In fondo è cambiato davvero poco rispetto a duemiladodici anni fa, abbiamo spostato soltanto gli obiettivi da colpire e da comprendere.
E' un periodo molto particolare, per me, questo.
Si ribalta, confondendosi, il mio pensiero che vede la Tradizione come mamma della Cultura e nonna del Fondamentalismo.
Non ho capito niente.
Solo ora mi accorgo che il Fondamentalismo è rimasto solo al mondo, disconosciuto come nipote e orfano di madre.
Per questo motivo è così pericoloso.
E' un bambino che non conosce rimproveri, triste per non aver mai parlato con i suoi famigliari più stretti, aggrappato ad un fragile ramo di libertà.

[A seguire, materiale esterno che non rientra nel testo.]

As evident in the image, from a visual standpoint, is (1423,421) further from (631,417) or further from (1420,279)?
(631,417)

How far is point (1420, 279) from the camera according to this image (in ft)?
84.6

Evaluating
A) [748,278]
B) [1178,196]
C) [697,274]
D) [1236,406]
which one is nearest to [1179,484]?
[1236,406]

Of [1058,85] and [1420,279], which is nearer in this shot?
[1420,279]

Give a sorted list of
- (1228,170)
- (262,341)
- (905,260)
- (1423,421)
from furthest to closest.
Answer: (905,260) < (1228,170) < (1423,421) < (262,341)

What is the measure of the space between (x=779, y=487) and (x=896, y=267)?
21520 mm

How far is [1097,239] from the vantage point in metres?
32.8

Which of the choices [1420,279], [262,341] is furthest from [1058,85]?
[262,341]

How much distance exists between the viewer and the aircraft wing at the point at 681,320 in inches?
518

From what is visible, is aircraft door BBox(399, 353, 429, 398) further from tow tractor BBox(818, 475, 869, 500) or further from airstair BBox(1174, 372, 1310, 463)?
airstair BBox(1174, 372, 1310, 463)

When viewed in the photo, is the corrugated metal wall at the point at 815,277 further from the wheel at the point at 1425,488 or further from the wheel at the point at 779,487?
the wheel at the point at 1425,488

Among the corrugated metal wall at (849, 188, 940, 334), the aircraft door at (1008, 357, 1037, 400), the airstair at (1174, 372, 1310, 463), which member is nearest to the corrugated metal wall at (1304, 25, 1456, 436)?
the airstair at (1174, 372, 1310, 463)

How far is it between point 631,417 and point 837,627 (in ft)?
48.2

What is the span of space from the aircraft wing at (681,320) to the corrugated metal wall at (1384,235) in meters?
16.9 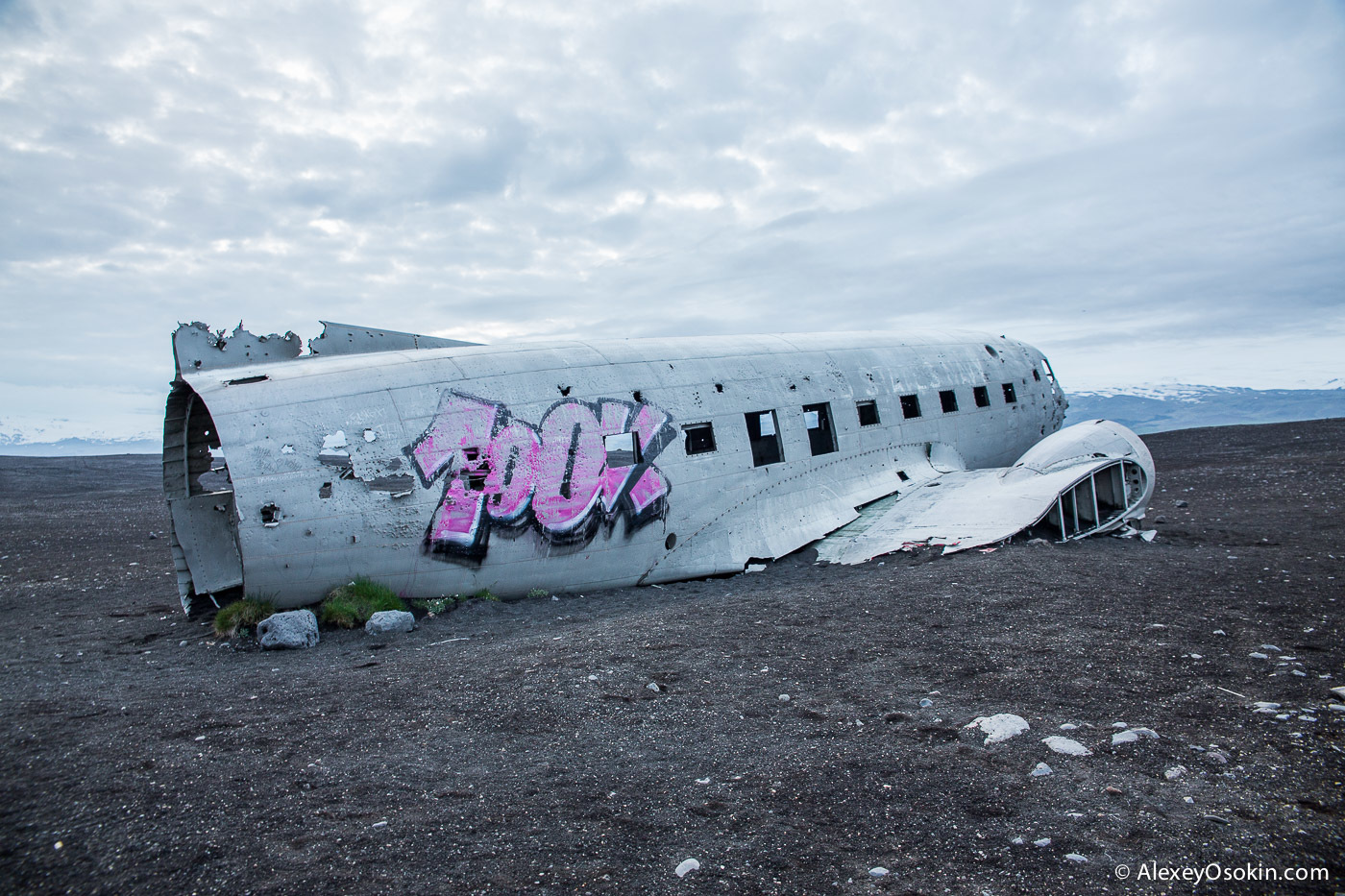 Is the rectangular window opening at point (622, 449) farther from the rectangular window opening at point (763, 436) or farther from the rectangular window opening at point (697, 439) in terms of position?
the rectangular window opening at point (763, 436)

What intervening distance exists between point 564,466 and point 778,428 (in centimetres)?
444

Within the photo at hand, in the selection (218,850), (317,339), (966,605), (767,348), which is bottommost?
(966,605)

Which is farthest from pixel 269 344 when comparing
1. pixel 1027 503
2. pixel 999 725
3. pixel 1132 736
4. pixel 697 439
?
pixel 1027 503

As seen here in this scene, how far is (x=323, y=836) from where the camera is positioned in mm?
4453

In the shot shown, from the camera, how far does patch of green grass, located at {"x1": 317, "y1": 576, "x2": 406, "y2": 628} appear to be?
9.51 meters

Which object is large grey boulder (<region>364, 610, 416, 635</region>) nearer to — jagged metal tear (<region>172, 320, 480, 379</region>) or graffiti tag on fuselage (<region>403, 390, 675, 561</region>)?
graffiti tag on fuselage (<region>403, 390, 675, 561</region>)

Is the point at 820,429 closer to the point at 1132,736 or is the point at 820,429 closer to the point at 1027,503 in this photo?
the point at 1027,503

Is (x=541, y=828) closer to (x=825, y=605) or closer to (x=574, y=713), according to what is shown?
(x=574, y=713)

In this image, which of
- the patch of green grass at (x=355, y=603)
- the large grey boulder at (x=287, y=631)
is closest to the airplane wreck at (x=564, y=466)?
the patch of green grass at (x=355, y=603)

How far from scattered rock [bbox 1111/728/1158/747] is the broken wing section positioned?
705cm

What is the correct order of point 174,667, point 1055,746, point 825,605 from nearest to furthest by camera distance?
point 1055,746, point 174,667, point 825,605

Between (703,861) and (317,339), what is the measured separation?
33.3ft

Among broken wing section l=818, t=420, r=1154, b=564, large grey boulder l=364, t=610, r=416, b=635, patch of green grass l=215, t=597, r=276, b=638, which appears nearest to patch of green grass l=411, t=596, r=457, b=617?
large grey boulder l=364, t=610, r=416, b=635

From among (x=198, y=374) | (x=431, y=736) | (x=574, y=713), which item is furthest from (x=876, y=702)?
(x=198, y=374) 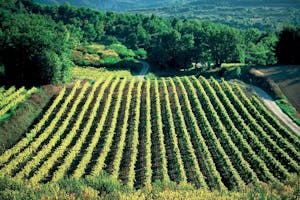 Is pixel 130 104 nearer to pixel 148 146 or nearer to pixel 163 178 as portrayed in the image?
pixel 148 146

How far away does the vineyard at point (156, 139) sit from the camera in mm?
33844

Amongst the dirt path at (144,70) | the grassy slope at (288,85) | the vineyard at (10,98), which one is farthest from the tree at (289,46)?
the vineyard at (10,98)

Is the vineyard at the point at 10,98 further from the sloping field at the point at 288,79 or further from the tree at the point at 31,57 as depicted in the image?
the sloping field at the point at 288,79

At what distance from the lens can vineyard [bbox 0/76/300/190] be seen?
3384cm

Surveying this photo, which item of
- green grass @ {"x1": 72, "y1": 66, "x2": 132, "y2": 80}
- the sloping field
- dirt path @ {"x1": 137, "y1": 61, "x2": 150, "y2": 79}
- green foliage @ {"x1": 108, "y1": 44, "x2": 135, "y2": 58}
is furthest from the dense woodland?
the sloping field

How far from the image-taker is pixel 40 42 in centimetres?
5572

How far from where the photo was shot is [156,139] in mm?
Result: 40906

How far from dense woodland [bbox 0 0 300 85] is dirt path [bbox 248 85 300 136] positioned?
17952 millimetres

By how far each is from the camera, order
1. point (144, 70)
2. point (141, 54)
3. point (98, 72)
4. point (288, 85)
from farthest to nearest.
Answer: point (141, 54)
point (144, 70)
point (98, 72)
point (288, 85)

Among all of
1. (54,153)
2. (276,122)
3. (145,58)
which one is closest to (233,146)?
(276,122)

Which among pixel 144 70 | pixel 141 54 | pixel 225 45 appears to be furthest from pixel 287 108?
pixel 141 54

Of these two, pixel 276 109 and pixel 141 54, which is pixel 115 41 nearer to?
pixel 141 54

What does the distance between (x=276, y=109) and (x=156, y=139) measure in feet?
60.4

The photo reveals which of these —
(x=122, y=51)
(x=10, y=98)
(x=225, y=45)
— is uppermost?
(x=225, y=45) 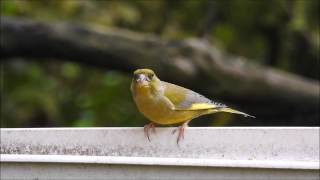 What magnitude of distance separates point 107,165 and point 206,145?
0.56 meters

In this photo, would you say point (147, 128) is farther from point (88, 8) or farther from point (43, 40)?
point (88, 8)

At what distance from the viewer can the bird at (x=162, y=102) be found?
256cm

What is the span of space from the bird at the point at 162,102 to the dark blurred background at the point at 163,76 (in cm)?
195

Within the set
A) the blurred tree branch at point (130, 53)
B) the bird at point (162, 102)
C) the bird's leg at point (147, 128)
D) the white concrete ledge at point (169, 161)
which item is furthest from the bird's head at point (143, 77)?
the blurred tree branch at point (130, 53)

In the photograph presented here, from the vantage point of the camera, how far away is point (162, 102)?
2.68m

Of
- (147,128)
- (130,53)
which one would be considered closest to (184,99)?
(147,128)

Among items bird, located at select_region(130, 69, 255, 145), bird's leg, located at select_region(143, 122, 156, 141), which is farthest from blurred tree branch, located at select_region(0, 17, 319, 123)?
bird's leg, located at select_region(143, 122, 156, 141)

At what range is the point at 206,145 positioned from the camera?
2486 millimetres

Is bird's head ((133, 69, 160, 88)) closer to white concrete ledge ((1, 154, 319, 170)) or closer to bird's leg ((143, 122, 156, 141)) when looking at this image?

Un tipetto molto egocentrico, si nasconde bene negli angoli poco luminosi e non sa che il mondo è pieno di suoi fratelli gemelli.
Comunque non gli interessa conoscerli.
E' molto sveglio, ma non può frequentare la scuola.
Autodidatta, spirito rivoluzionario votato all'utopia.
Vede solo due colori, il bianco e il nero, la tonalità dei grigi non ha alcun significato.
Sorride e piange nello stesso momento, e non ne comprende il motivo.
E' un bimbo che non conosce il proprio passato.
Vedete, è proprio questo il problema!
Noi tutti siamo la sua famiglia.
Capostipiti con falsi ricordi e nessuna fotografia.